↓

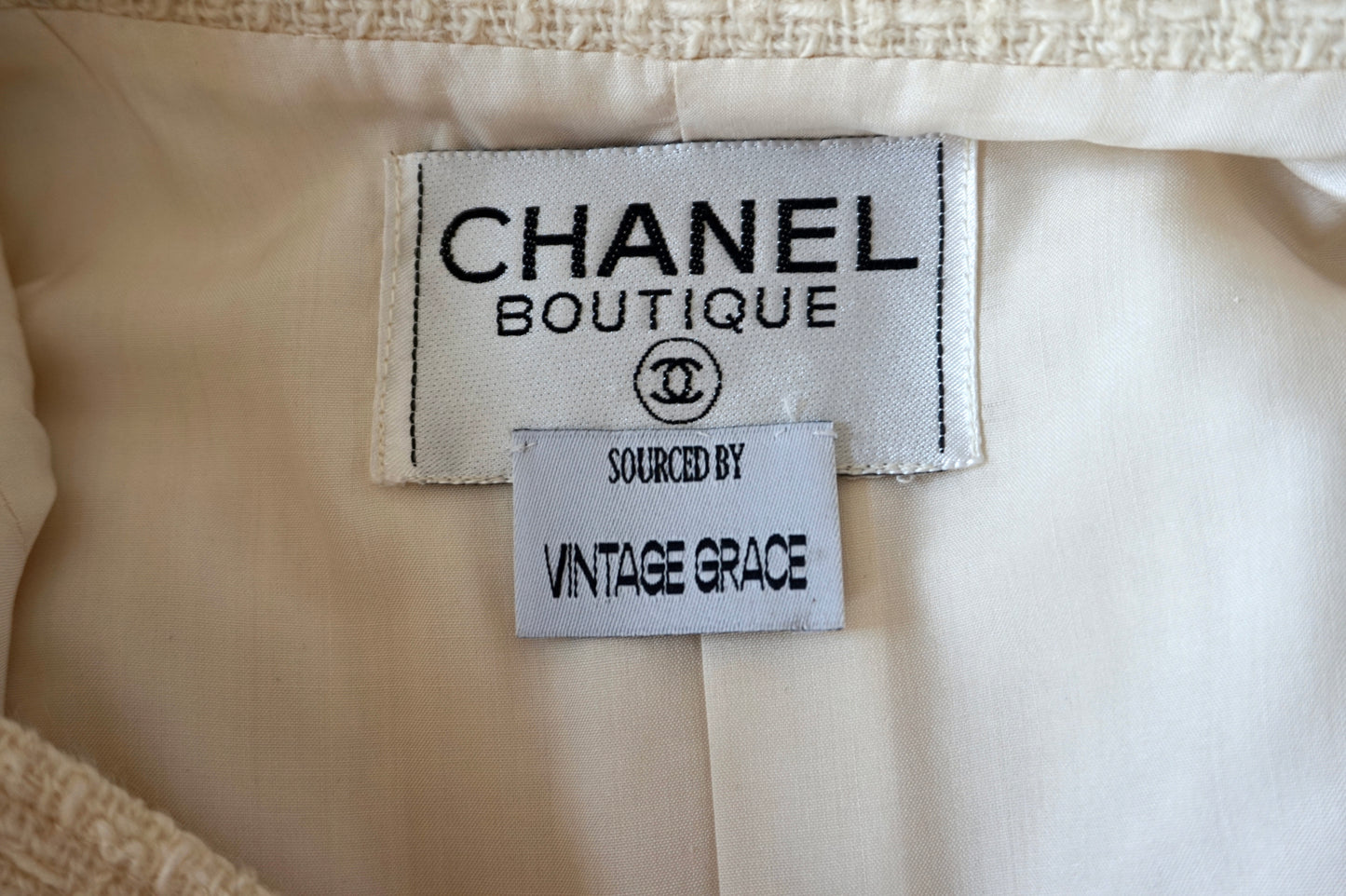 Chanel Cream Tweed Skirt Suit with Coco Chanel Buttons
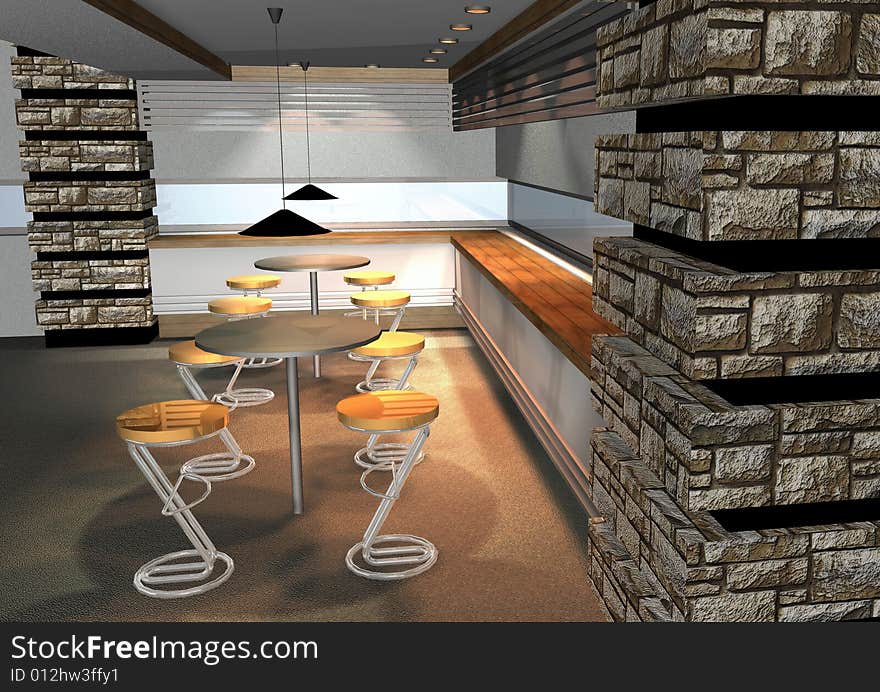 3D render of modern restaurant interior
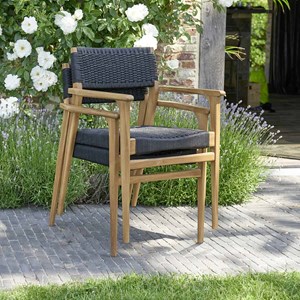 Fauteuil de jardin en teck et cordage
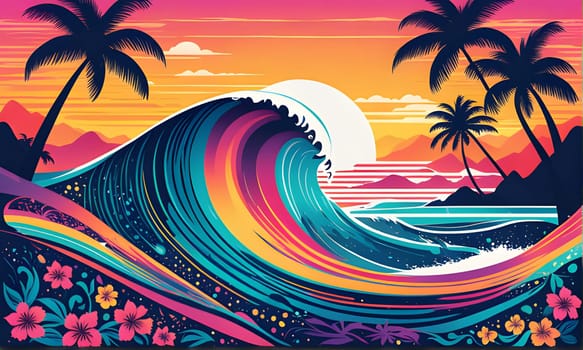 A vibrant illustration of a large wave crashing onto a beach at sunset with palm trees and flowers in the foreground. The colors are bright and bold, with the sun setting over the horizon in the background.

↑

GOAL OF THE EXERCISE:
The required output is every line from the beginning of the material above through the line with "Fauteuil de jardin en teck et cordage", exact and without pictures.

EXPECTED ANSWER:
 Chanel Cream Tweed Skirt Suit with Coco Chanel Buttons
 3D render of modern restaurant interior
 Fauteuil de jardin en teck et cordage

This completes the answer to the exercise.